Visual Software Agent: A Realistic Face-to-Face Style Interface connected with WWW/Netscape
Hiroshi Dohi and Mitsuru Ishizuka
Dept. of Information and Communication Engineering,
School of Engineering, University of Tokyo
7-3-1, Hongo, Bunkyo-ku, Tokyo 113, JAPAN
E-mail: dohi@miv.t.u-tokyo.ac.jp
This paper describes the Visual Software Agent (VSA) interface connected with a voice-controlled Netscape. VSA is an Internet-based interface agent with rocking realistic face and speech dialog function. A user asks the realistic anthropomorphic agent in a display some questions and some tasks, as if he/she usually asks his/her colleagues with a visual phone. It embodies a human-like face-to-face style communication environment, and therefore it will reduce the mental barrier for communication lying between a human and a computer. A prototype system of VSA is a development platform toward intelligent multimodal interface systems. Besides the texture-mapped realistic face, it equips a camera, a speech recognizer, a speech synthesizer, and some sensors; corresponding with eyes, ears, a mouth, and some sense organs, respectively. The system is also connected with World-Wide Web (WWW) / the Netscape navigator. As a result, it works just like a voice-controlled Netscape talking with a guide agent. A user navigates on the Internet by simple speech dialog with VSA besides an usual mouse interface in the Netscape. Both the voice-control operation through VSA and the mouse operation have the same priority. The user can choose the suitable operation method in any time in accordance with the various situations.
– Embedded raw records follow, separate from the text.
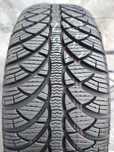 195/65r15 91T Fulda Montero 3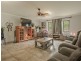 12 Tulip Street, Russell Island QLD 4184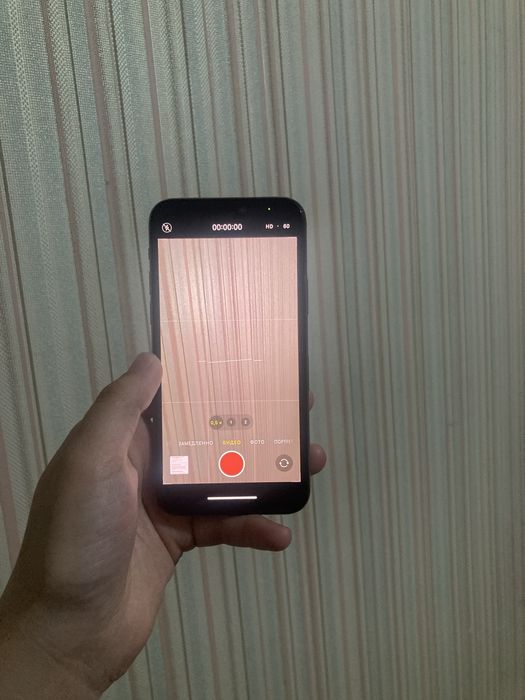 iphone 11 pro 256gb 72%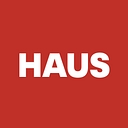 La Haus Real Estate Digital Agency logo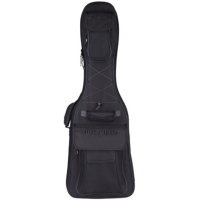 Чохол для гітари RockBag Starline - Electric Guitar Gig Bag (RB 20506 STARLINE)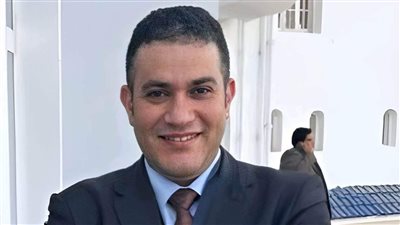 «نقابة أطباء المنيا»: محاسبة الطبيب جنائيًا ستؤدي بنا إلى اللجوء لـ«الطب الدفاعي»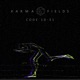 Code 10 31 Single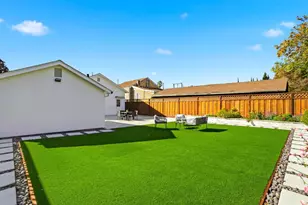 614 N 12th St, San Jose, CA 95112 - Photo 32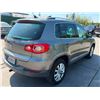Image 3 : VOLK TIGUAN 2011 T-DONATION
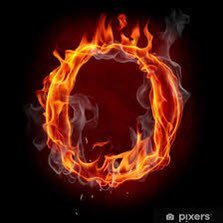 OMXR_TV's profile picture. Banned again…….                       https://t.co/sAsLIvsEcK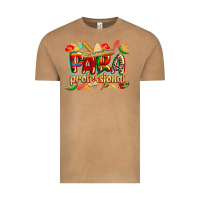 Vintage Camel cinco de mayo para professional Vintage Tee - CowGirlArtShop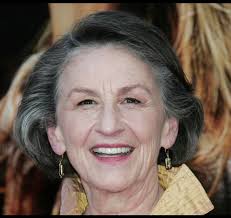 Veteran actress Lorna Raver, known for her role in “Drag Me to Hell” and  appearances in shows like “The Young and the Restless,” “ER,” “Beverly  Hills,” “Gilmore Girls” and “Desperate Housewives,” has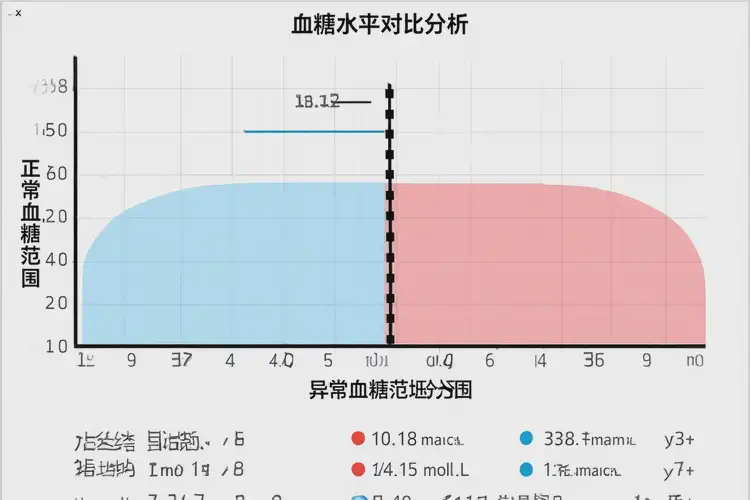 男人早上空腹血糖11(圖1)
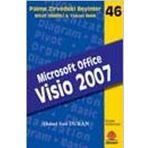 Zirvedeki Beyinler 46 - Microsoft Office Visio 2007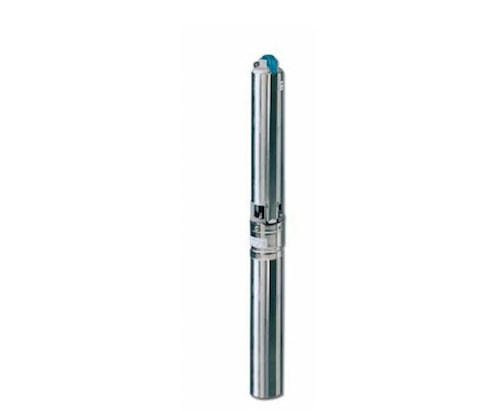 Well Pumps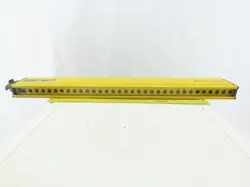 120/240V 0-10M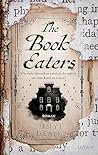 The Book Eaters: ...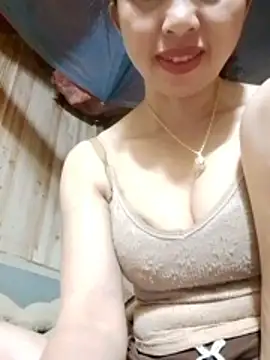 TRIEUTRIEU20 online show from 02-12-26, 10:48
Figure 1: Visual Software Agent
(A user asks the realistic anthropomorphic agent in a display
some questions and some tasks just like using a visual phone.)
Today's pervasive interface style is direct manipulation. A mouse is a fairy
good device, but all of users can't manipulate it satisfactory. Some people
dislike a double clicking operation. In other words, current GUI interface
may be unusable for some people unfamiliar with computer operations and
physically handicapped persons. A good interface should be so simple and
so natural that a user doesn't give it second thought. Thus, software agents
assisting users personally become important[Laurel, 1990].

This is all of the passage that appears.